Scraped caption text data

++++++++++++++++++++

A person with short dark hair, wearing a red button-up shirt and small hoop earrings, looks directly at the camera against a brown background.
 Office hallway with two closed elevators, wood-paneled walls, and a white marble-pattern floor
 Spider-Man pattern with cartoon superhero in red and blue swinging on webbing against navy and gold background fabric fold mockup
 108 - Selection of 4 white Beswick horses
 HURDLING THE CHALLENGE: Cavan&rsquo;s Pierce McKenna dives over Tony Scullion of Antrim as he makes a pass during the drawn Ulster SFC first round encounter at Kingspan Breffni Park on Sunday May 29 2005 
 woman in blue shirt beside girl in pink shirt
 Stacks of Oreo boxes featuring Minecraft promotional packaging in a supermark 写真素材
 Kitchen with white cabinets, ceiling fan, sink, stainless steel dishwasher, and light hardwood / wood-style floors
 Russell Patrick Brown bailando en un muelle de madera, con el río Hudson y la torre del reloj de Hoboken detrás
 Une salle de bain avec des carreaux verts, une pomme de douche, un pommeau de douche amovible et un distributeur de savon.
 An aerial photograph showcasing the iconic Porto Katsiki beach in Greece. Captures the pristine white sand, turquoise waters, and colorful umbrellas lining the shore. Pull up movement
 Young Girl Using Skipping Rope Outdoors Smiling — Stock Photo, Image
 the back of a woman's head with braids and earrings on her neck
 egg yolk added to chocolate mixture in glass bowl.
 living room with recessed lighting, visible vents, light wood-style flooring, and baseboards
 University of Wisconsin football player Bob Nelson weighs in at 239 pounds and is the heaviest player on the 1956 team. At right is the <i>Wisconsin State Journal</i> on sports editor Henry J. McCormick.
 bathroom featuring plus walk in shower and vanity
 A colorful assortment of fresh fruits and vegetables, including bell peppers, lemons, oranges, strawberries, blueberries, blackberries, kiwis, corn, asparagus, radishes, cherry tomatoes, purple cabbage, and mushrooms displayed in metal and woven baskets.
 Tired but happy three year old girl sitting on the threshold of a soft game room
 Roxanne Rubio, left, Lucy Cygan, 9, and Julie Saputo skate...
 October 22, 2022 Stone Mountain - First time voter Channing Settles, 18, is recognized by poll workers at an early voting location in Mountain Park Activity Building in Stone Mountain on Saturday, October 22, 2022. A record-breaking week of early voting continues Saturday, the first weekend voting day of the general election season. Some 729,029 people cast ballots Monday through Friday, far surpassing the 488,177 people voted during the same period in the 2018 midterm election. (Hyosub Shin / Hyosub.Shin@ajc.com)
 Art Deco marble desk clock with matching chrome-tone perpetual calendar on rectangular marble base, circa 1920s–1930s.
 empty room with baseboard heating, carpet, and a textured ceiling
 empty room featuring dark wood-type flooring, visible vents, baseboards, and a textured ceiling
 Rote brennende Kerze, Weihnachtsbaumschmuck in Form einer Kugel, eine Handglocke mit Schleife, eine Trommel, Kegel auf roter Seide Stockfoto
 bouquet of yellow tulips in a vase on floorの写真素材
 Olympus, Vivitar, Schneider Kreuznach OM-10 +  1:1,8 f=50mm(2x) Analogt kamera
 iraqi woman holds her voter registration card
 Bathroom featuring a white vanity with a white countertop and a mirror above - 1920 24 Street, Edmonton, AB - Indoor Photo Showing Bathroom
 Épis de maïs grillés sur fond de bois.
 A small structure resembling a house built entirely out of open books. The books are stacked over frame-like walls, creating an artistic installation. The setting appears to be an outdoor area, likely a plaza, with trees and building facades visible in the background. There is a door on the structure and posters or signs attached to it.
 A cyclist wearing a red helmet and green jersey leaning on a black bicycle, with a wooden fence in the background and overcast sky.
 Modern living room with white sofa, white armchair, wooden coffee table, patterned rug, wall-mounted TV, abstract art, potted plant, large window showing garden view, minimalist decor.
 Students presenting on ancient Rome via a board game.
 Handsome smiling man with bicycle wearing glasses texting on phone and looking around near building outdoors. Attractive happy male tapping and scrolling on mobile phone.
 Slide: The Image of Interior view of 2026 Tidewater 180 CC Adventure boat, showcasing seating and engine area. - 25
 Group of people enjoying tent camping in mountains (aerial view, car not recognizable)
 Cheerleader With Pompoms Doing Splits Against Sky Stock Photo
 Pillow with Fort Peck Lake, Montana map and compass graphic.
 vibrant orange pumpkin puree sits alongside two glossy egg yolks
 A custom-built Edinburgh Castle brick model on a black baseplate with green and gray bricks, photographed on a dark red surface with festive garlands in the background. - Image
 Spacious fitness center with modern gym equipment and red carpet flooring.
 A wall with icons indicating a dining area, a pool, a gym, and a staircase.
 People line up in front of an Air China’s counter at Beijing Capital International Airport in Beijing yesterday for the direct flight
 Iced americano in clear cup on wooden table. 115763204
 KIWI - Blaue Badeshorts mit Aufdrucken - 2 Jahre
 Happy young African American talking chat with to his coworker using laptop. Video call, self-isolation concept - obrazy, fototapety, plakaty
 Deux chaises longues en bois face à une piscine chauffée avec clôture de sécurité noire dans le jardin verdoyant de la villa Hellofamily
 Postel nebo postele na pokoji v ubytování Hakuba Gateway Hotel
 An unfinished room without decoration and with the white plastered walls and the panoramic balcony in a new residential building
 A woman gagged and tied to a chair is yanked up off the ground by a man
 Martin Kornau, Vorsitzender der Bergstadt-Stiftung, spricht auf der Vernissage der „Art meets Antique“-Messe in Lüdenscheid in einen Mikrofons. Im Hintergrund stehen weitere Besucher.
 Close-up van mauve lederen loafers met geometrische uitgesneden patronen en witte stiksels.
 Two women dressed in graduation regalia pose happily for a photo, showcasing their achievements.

++++++++++++++++++++

- [YOUR OBJECTIVE]:
Could you return exactly the lines above from the line with "empty room with" to the line with "Épis de maïs grillés sur fond de bois.", both included, and nothing else?

- [SOLVED EXERCISE]:
 empty room with baseboard heating, carpet, and a textured ceiling
 empty room featuring dark wood-type flooring, visible vents, baseboards, and a textured ceiling
 Rote brennende Kerze, Weihnachtsbaumschmuck in Form einer Kugel, eine Handglocke mit Schleife, eine Trommel, Kegel auf roter Seide Stockfoto
 bouquet of yellow tulips in a vase on floorの写真素材
 Olympus, Vivitar, Schneider Kreuznach OM-10 +  1:1,8 f=50mm(2x) Analogt kamera
 iraqi woman holds her voter registration card
 Bathroom featuring a white vanity with a white countertop and a mirror above - 1920 24 Street, Edmonton, AB - Indoor Photo Showing Bathroom
 Épis de maïs grillés sur fond de bois.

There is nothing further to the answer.